Keeping Faith Alive in Marriage
Debbie and Maurice are in their seventh year of marriage. Debbie is a stay-at-home mom for their 4-year-old son, a 2-year-old daughter, and a soon-arriving third child. Debbie runs a home sales business, and Maurice is employed at the local mill in town. Recently, Maurice has been promoted into management, requiring increased work hours each week. They’ve enjoyed good times, and both spouses are committed to their marriage and family.
They have had their share of challenges and disagreements over the years, and once even went to counseling following the birth of their second child. At that time they were experiencing increased stress and loneliness as they struggled to find time for one another in their marriage. Now, with the increasing responsibility of a third child, and Maurice’s increased work schedule, conflict between Debbie and Maurice has returned, bringing with it feelings of discontentment, worry, and stress, which is beginning to dominate larger portions of their day.

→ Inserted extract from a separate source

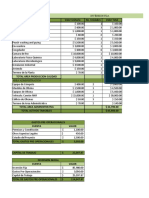 Modelo Proyecto de Inversión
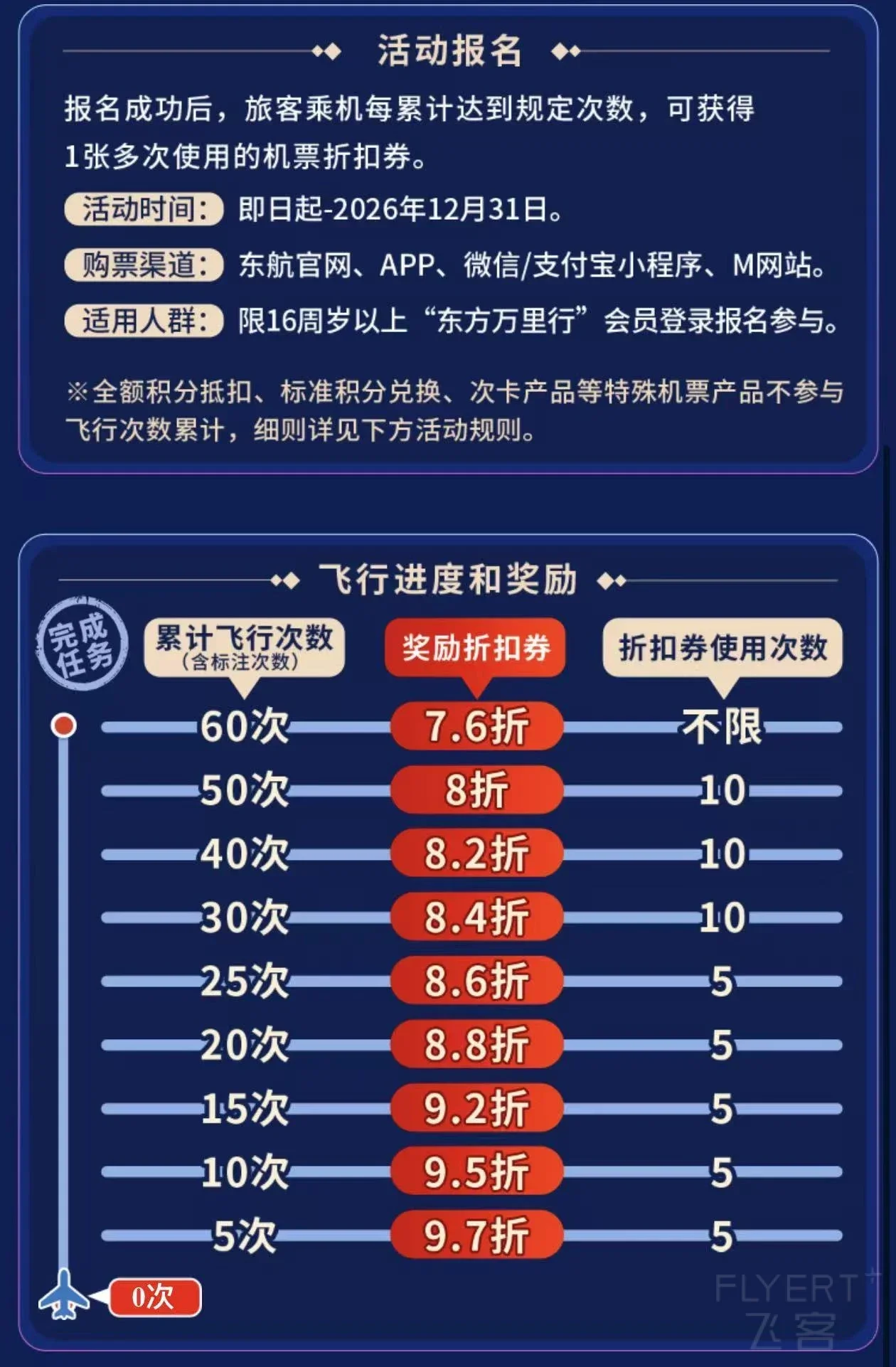 5 越飞越惠.jpg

This is a made-up scenario, but one which may be similar in many households. Changes and challenges are inevitable in life, and can be taxing on a marriage. If not addressed, such strains can damage even the strongest marriage. Divorce statistics and marriage counseling substantiate this. What’s a couple to do?
It is normal for individuals to meet, fall in love, marry, and begin a family. This God-ordained institution of marriage and family is designed to be productive and effective for holy matrimony. A holy matrimony is God’s desire for us. Belonging, love, peace, joy, fulfilment and contentment are all part of God’s hope and desire for us in our relationship with Him, others, and especially our spouses — and praise God for His provision and guidance! An institution alone, however, does not automatically make a home and holy matrimony.

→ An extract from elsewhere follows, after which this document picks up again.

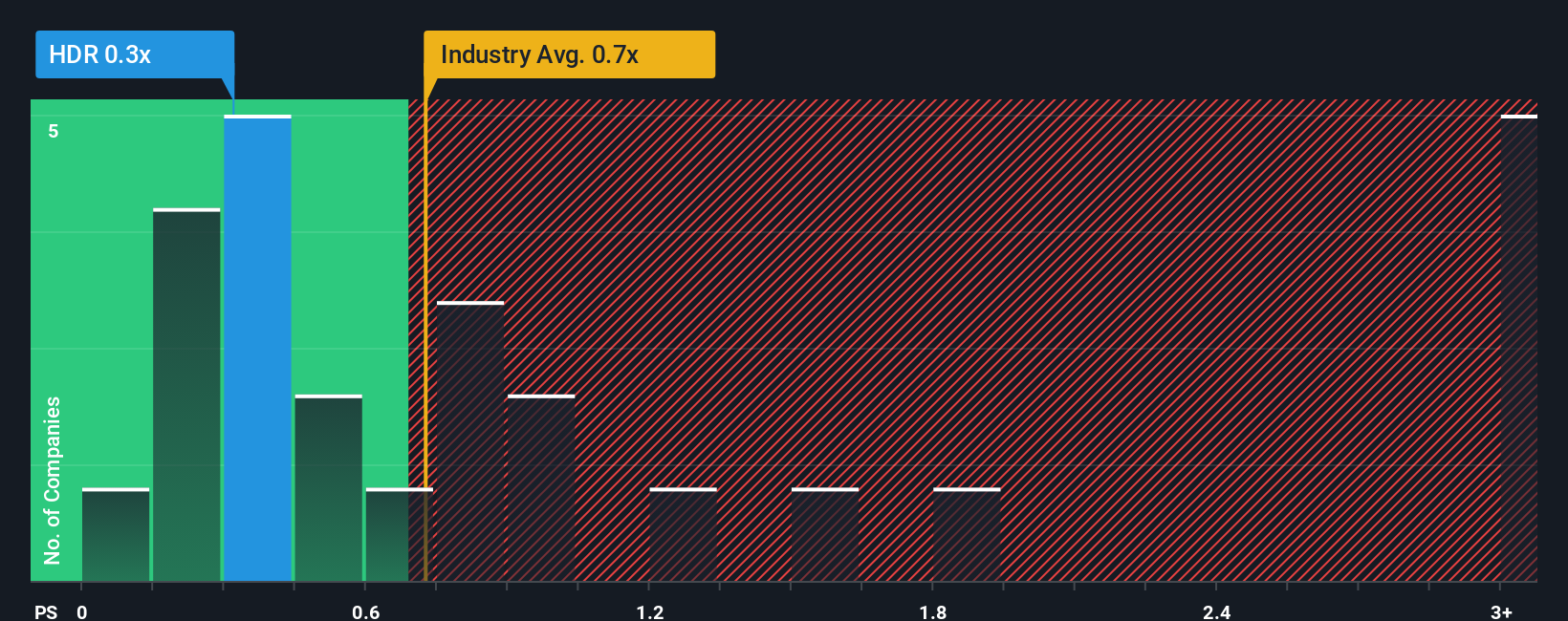 ps-multiple-vs-industry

God initiates His provision, and we are responsible to respond in accordance with His provision and will. A newly purchased vehicle may have everything we need for transportation, safety, and comfort; but regular maintenance is required or that vehicle will not carry out its desired function for long. Things such as adding fuel to the car (try not doing that regularly and see how far you get!), oil changes, new tires, tune-ups, fluid flushes, etc., are regularly needed for us to maintain value, pride, appreciation, and purpose in that vehicle. Likewise, it is important to keep faith alive in our marriages to maintain value, pride, appreciation, and purpose!
A couple’s shared faith in God, through His Son, Jesus Christ, gives them a common bond. There is no human resource, capacity, event, or standard that even compares to Jesus and His unparalleled resources. Hebrews 11:1 reads (KJV), “Now faith is the substance of things hoped for, the evidence of things not seen.”
Faith can hold us steady when all else seems lost. Faith gives us hope when all hope seems gone. For an abundance of witnesses on the importance of faith, read chapter 11 of Hebrews! And, so, if keeping faith alive in marriage is important, just what does that involve? What does that look like?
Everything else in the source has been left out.